The field of artificial intelligence has evolved from isolated research streams, including the early blueprints where current neural network models originated from (Buchanan (2005)). The term Artificial Intelligence (AI) was famously coined by John McCarthy for the Dartmouth convention, a two-month workshop dedicated to discussing crucial questions on this then-emerging-yet-to-be-defined field (McCarthy et. al (1955)). The name was chosen by McCarthy as a way to accommodate and conciliate these research angles around the theme at the time.

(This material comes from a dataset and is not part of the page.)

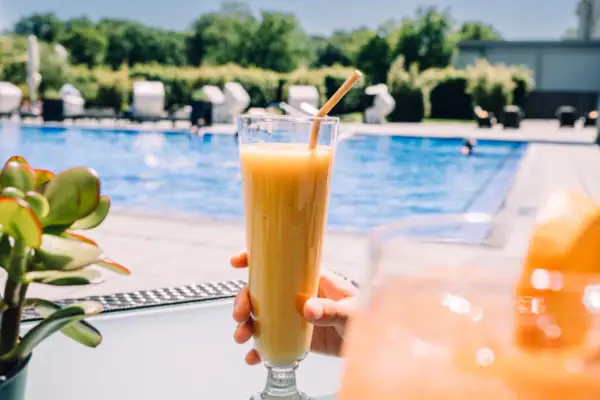 Eine Person hält ein Glas Orangensaft.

According to McCarthy, Artificial Intelligence is the science and engineering of making intelligent machines, especially intelligent computer programs. By investigating and precisely describing the features of intelligence, McCarthy believed that these could be then replicated by machines. This perspective, however, leads us to a tricky debate: what constitutes intelligence?
Intelligence
Intelligence is such a far-reaching concept that its definition remains unsettled. In 1921, in an attempt to technically outline it, the Journal of Educational Psychology asked fourteen experts on the field to present their definitions of intelligence. As expected, there were fourteen distinct definitions. As one theorist on intelligence, R. Sternberg, points out: “there seem to be almost as many definitions of intelligence as there were experts asked to define it” (Legg and Hunter (2006)).
Having learned or ability to learn to adjust oneself to the environment
(S. S. Colvin)
The capacity to learn or to profit by experience
(W. F. Dearborn)
Some definitions extracted from the Journal of Educational Psychology (Pfeifer and Scheier (1999))

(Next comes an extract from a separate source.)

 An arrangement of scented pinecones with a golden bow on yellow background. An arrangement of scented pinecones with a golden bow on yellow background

Intelligence is a descriptive term, hence it assigns a certain set of characteristics to a group or individual. So being, it is fairly unlikely to accommodate multiple angles into a single definition. To some, intelligence is in the collective behavior demonstrated by colonies of bees and ants; to others in particular aspects of human intelligence, such as creativity, the ability to speak, or even on how some intelligent features could be artificially recreated.
Nevertheless, this ambivalence didn’t restrain researchers from claiming progress in AI. For decades, the game of chess was considered the pinnacle of the human intellect. Building a machine that could defeat world-class contenders was in the scope of engineers and scientists as to prove that intelligent machines could be built. In 1997, IBM organized a historic rematch between the world chess champion Garry Kasparov and the supercomputer named Deep Blue over a six-game match. In the previous year, Kasparov defeated Deep Blue, winning four out of six games. However, in the following encounter, the system had an unprecedented victory, landing two wins and three draws. This was a symbolic event, showcasing several advances that enabled a system to beat the greatest chess player of all time.

Kasparov against Deep Blue, 1997
However, a large part of the academic community remained skeptical, portraying the victory as the result of a dumb system with amazing processing speed in contrast with Kasparov’s far greater intellect. This was partially true. The system developed by IBM had several chess strategies stored, built upon consulting chess masters multiple times. This allowed the system to cut corners when searching for the right move. Yet, this search was only made possible by the Deep Blue’s remarkable capacity to explore up to 200 million positions per second (Press (2018)).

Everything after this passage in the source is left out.